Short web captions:
------------------------------------

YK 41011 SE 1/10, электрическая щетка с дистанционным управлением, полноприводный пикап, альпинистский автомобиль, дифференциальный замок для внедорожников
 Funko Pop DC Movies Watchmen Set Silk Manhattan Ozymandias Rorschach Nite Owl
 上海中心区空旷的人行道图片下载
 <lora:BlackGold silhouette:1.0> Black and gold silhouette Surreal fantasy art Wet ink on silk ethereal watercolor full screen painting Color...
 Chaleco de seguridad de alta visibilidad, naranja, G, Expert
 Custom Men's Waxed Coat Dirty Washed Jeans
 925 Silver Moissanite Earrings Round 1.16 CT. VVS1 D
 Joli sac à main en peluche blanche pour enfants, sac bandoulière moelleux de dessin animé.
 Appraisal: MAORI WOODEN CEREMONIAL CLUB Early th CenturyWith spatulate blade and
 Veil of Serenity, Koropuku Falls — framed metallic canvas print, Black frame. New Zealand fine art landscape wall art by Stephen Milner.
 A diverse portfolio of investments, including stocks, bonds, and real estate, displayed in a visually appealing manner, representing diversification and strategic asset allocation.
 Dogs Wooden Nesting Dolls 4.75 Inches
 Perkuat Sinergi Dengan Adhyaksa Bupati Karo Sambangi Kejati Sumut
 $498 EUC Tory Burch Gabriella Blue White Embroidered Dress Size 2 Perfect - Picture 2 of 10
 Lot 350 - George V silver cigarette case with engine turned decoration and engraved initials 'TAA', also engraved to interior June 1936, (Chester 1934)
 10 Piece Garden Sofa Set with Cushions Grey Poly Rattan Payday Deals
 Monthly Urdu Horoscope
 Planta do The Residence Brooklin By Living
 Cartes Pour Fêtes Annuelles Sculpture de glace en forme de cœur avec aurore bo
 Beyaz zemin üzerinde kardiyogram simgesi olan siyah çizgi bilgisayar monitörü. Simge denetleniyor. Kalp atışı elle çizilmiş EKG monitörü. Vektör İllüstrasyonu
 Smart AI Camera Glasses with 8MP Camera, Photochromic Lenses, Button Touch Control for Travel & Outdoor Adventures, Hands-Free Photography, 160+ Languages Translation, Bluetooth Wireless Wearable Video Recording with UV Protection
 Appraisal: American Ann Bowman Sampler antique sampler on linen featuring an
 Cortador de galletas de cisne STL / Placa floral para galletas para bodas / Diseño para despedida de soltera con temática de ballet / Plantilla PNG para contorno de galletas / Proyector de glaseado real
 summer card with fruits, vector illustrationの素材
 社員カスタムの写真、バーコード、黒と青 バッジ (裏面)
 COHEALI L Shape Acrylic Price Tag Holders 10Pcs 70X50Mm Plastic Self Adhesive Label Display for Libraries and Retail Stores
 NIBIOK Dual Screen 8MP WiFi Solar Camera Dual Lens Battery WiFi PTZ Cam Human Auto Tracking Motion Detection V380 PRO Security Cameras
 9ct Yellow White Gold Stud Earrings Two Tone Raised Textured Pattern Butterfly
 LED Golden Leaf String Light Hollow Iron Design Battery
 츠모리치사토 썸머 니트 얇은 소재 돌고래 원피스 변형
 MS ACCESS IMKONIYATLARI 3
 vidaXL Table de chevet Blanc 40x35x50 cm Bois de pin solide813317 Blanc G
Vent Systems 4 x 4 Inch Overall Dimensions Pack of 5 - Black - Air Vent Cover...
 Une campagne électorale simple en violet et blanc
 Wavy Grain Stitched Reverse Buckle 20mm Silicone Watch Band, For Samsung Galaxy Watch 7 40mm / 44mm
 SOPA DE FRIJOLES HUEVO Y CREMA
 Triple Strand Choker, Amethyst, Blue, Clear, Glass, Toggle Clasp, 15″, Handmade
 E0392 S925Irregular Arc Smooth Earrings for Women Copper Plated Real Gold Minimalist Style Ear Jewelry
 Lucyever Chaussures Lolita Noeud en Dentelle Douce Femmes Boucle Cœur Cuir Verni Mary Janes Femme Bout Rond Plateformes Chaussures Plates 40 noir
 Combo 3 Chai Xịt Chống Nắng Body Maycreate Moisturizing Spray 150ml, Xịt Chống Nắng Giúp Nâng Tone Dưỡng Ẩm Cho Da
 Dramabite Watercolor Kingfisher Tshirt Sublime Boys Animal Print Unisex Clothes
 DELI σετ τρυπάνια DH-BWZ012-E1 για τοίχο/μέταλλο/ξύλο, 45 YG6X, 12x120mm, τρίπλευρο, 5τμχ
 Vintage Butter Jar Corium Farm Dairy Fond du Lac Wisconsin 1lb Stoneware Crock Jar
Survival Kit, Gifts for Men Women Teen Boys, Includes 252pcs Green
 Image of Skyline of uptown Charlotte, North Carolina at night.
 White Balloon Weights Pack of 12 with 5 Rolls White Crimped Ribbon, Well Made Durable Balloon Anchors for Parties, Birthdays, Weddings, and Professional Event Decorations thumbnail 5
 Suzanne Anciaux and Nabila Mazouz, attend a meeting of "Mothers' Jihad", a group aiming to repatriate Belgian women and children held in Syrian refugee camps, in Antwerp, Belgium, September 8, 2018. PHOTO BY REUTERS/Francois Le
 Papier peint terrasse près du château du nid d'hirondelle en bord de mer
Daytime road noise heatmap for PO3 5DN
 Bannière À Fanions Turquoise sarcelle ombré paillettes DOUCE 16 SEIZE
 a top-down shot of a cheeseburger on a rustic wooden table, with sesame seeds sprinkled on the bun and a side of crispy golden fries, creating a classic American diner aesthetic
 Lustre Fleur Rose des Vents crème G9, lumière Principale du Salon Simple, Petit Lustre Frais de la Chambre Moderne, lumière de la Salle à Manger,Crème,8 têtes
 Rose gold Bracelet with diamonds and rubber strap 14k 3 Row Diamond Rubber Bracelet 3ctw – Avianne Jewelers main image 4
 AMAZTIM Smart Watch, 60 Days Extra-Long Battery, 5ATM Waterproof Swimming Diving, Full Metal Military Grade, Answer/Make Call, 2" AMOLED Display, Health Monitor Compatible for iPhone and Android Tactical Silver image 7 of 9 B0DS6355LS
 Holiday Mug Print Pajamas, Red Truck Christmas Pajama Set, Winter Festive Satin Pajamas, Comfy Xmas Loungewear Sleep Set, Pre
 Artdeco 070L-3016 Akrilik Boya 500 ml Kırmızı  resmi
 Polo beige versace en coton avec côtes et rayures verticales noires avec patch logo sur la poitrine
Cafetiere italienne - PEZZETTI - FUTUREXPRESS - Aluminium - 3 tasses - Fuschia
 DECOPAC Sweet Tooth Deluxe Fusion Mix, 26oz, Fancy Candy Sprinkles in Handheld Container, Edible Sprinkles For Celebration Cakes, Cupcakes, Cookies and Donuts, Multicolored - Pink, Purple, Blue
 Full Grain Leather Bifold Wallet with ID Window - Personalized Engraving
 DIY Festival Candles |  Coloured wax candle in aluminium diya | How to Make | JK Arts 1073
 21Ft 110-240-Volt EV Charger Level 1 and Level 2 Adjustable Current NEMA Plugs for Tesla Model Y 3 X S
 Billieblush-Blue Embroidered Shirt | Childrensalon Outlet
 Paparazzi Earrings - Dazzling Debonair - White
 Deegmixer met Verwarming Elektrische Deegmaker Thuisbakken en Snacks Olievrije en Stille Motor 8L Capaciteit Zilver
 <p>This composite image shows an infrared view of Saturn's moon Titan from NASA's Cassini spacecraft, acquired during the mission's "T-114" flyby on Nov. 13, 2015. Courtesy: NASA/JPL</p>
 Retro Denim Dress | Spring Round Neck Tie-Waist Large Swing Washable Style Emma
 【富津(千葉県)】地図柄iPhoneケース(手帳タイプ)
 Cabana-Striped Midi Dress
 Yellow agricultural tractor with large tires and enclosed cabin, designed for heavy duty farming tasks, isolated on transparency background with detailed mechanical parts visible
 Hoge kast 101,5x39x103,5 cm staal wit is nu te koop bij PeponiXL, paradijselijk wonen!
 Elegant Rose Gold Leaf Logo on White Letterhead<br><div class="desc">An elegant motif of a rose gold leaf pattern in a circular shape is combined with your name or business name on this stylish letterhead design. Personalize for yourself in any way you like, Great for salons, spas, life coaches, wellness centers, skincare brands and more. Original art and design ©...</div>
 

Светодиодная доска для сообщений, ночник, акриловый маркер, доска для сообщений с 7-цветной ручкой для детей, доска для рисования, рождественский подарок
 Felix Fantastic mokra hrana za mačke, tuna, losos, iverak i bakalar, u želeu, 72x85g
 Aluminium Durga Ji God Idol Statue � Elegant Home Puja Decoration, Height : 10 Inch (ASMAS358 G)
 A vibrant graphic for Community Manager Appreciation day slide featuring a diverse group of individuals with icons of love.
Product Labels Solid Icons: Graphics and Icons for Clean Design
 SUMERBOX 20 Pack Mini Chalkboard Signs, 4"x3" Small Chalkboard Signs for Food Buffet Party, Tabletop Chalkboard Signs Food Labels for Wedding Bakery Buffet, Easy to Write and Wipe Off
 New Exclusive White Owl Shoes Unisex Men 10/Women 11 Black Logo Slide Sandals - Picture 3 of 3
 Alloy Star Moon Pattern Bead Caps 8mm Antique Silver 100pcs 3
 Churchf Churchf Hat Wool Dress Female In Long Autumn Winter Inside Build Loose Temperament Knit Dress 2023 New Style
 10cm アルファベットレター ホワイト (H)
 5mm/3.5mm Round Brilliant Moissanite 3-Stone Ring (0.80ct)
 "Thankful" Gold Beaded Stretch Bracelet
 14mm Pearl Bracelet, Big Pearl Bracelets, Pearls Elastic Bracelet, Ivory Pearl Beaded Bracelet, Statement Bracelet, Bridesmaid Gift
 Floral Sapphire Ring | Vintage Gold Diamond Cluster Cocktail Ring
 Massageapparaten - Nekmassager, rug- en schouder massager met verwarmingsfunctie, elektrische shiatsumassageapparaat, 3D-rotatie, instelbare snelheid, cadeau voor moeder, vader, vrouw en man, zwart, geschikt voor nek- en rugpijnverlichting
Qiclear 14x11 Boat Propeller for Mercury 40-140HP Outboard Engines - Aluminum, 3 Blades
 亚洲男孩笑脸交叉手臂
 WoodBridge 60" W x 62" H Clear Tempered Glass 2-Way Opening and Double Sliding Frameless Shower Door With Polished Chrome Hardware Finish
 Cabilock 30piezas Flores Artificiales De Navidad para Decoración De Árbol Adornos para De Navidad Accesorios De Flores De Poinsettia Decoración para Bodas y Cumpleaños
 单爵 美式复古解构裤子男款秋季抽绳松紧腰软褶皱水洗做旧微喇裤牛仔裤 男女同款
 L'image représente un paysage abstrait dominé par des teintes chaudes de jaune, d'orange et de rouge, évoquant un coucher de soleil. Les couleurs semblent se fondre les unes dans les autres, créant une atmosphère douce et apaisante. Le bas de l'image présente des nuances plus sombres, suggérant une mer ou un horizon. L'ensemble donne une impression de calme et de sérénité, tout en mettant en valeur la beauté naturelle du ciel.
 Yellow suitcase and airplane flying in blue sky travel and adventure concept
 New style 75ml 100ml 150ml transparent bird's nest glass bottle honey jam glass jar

------------------------------------

WORK INSTRUCTIONS
Copy every line of the records above that contains "Dress".

SOLUTION TO THE EXERCISE
 $498 EUC Tory Burch Gabriella Blue White Embroidered Dress Size 2 Perfect - Picture 2 of 10
 Retro Denim Dress | Spring Round Neck Tie-Waist Large Swing Washable Style Emma
 Cabana-Striped Midi Dress
 Churchf Churchf Hat Wool Dress Female In Long Autumn Winter Inside Build Loose Temperament Knit Dress 2023 New Style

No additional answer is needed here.